Those who have formed the resistance can't do everything on their own, however. Thankfully, turns out the government had a back up plan in case something like this ever happened. Eight enhanced soldiers had been locked away in case of an emergency, and now that a time worthy of their use has come, they have been brought into action. These select eight are the ones who you will control in Abomination, and are the only ones who stand a chance at stopping the horde.
Abomination has taken the route of combining 3D character and enemy models with 2D environments for its graphics. This would work fine if the models for the characters had been worked on a bit more, since they look rather weak. It isn't very apparent from the screenshots of the game, but the models are pixely and are just plain ugly. Counteracting this, though, is the animation that moves fluidly and realistically. Different from other games in the genre, is that the environments that the action takes place in are incredibly interactive.

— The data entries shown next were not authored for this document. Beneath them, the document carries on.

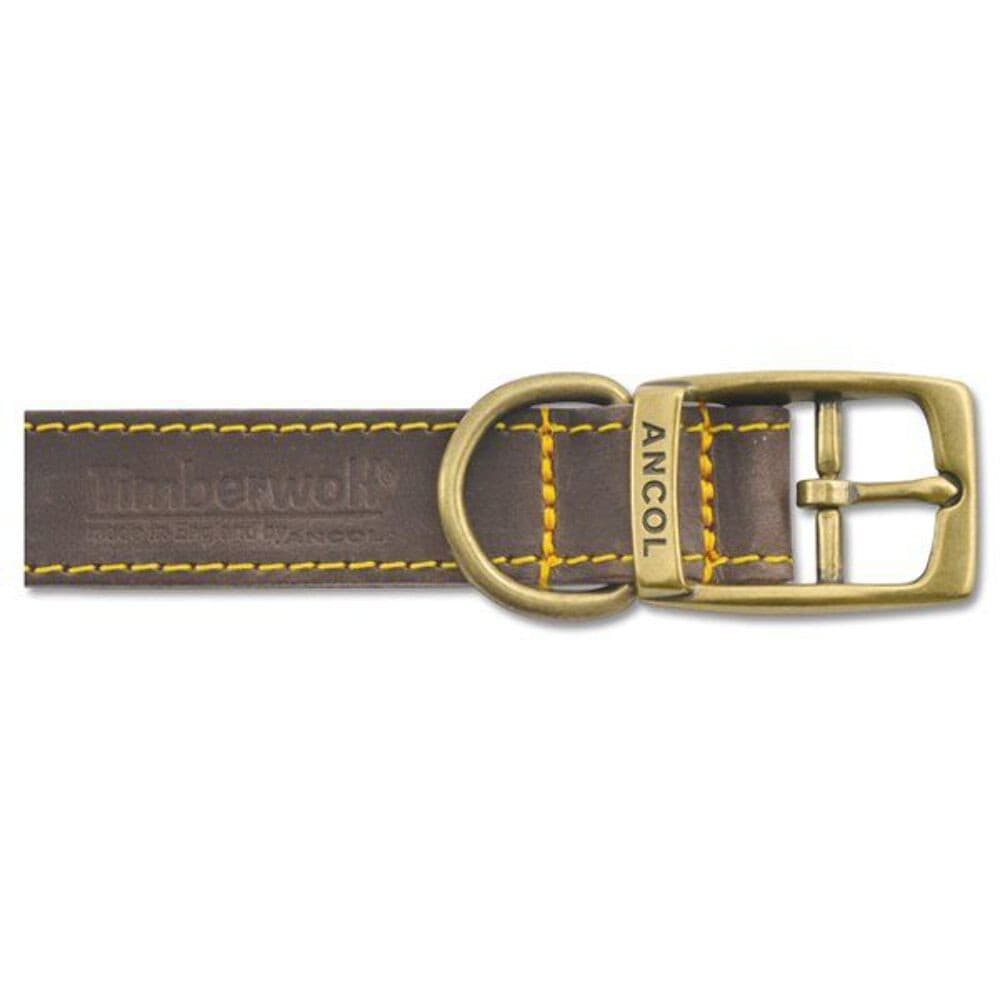 Ancol 35-43cm (Size 4) Sable Timberwolf Leather Dog Collar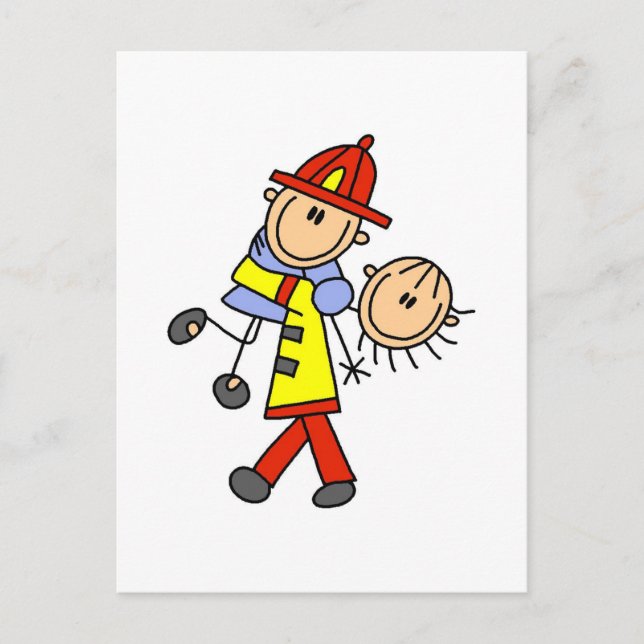 Stick Figure Firefighter Saving Lives Postcard (Front)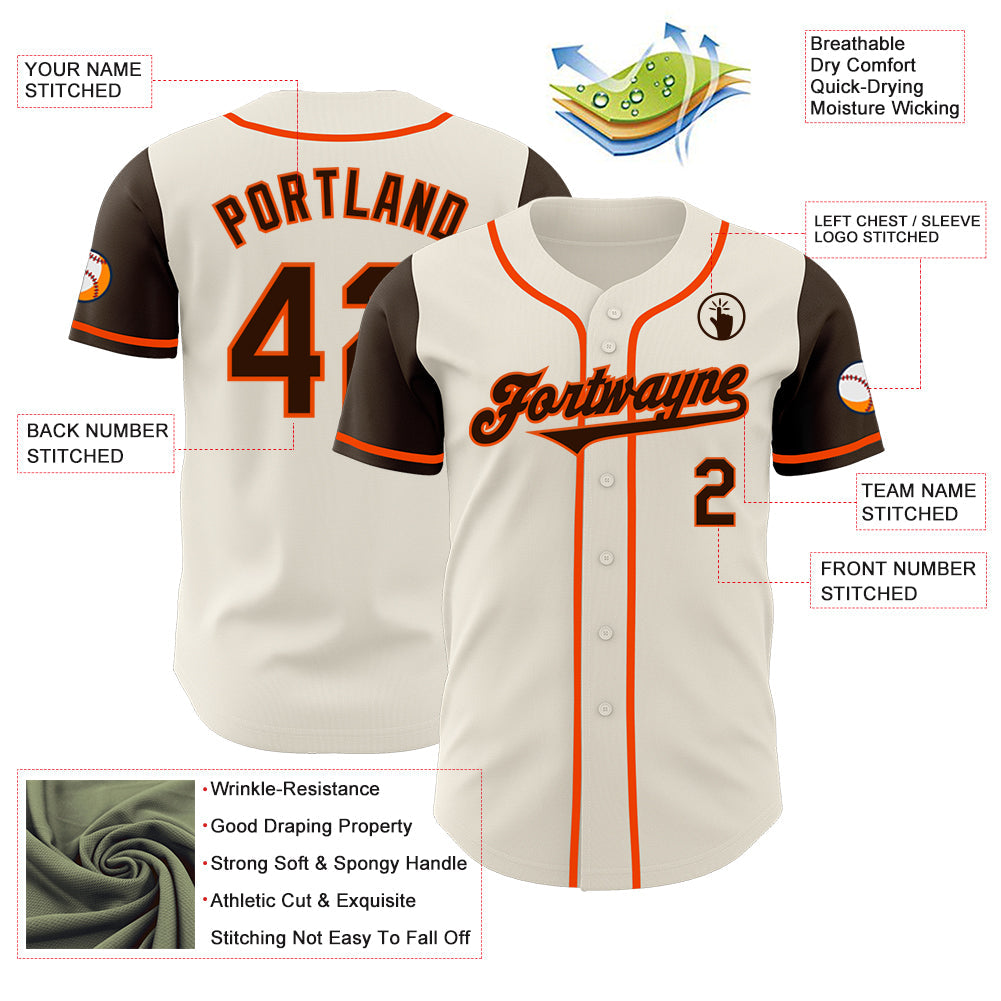 Custom Cream Brown-Orange Authentic Two Tone Baseball Jersey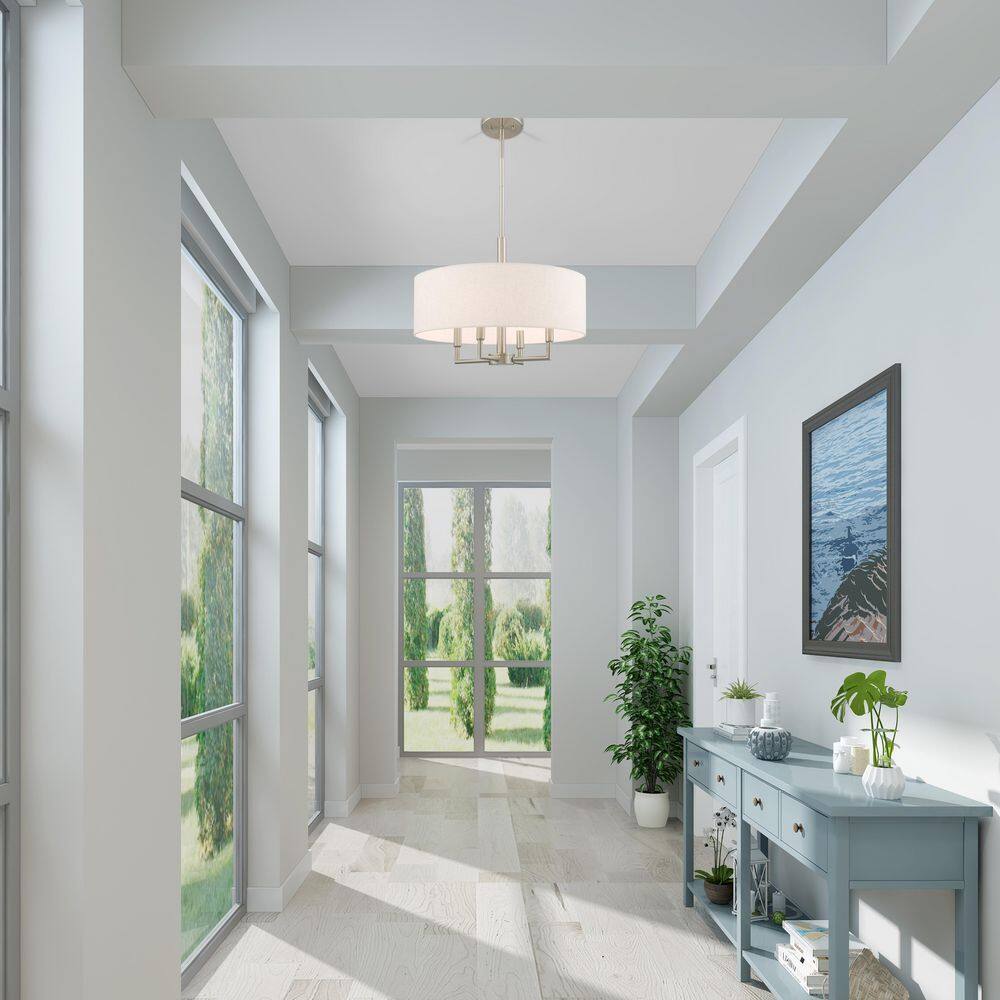 Mini Meridian 4-Light Brushed Nickel Pendant with Oatmeal Shade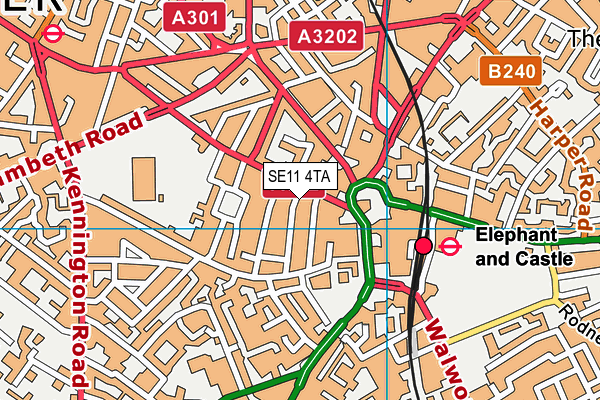 SE11 4TA map - OS VectorMap District (Ordnance Survey)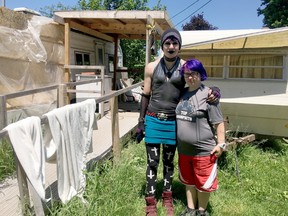 Katie and Adam Torres moved into a trailer on Scott Drader’s property in Napanee after they say they were evicted by family members in March. (Meghan Balogh/The Whig-Standard/Postmedia Network)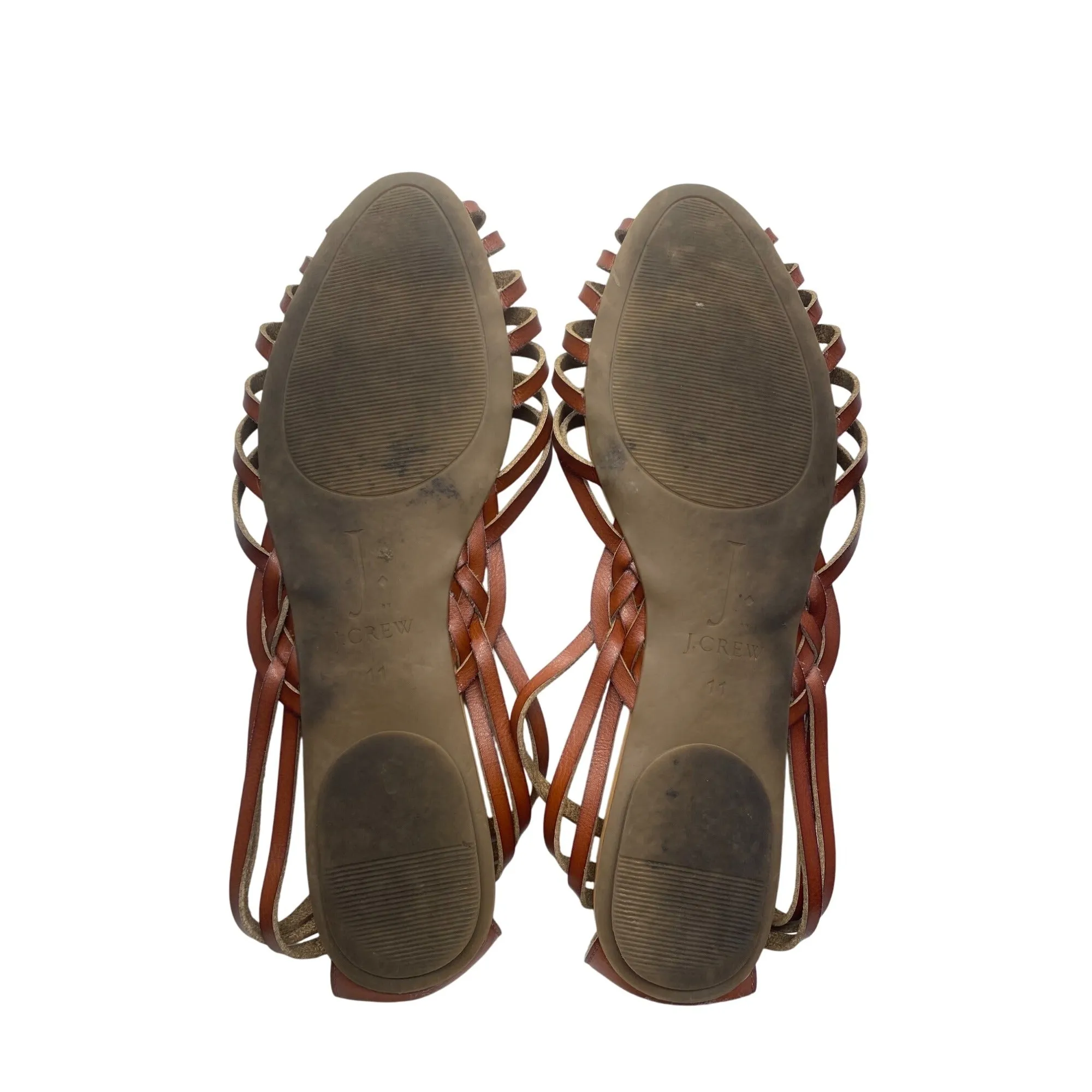 J. Crew Womens Tan & Brown Strappy Leather Sandals #7304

Stuck trying to find an item hidden in the level? Whip out your shotgun and blast a few shells at a nearby car and watch it explode in a ball of napalm. There are other items littered across the area like dead bodies (some disturbing, such as a kid on a bike fallen on the ground with a pool of blood surrounding him) that can be inspected, mutations attached to poles, bushes and other places that can be blown up in a nice fashion.
A crucial element to any strategy game would be to have decent artificial intelligence so as to create the illusion that you are playing against something that is real, and thinking. There are apparent problems on both the sides of the characters that the player controls and 'The Faithful' cult wandering the streets. Your own characters, at times, will completely drift off from the group and go attack on their own. This poses the problem if he or she attacks a large group of enemies they stand no chance of winning against. If they do get into a fight with the enemy and you are able to drag them back to the main group, don't be surprised if the enemy follows suit and begins attacking you, resulting in you being unprepared and being easily dispatched of.
In the enemy's case, it is just the simple fact that the artificial intelligence is boring and relatively dumb. Sure, maybe 'The Faithful' are a group of mindless humans in a meaningless cult, but that doesn't mean they have to behave in a total zombie-like manner. Most of the human-type characters will walk around, limping from left to right and standing in the same spot while you blast away at them. Your characters, on the other hand, are dodging, rolling, etc. However, the enemy does come in large numbers, which balances out the idiotic AI for the most part.
Taking the X-Com approach, Abomination doesn't do anything to advance the genre in any way, but is certainly a worthy effort from Hothouse Creations. Some improvements such as 3D acceleration, the ability to increase the resolution, and the tweaking of the AI would have been nice. Download the demo from Eidos Interactive's web site and give it a go. Who knows, maybe you'll like it.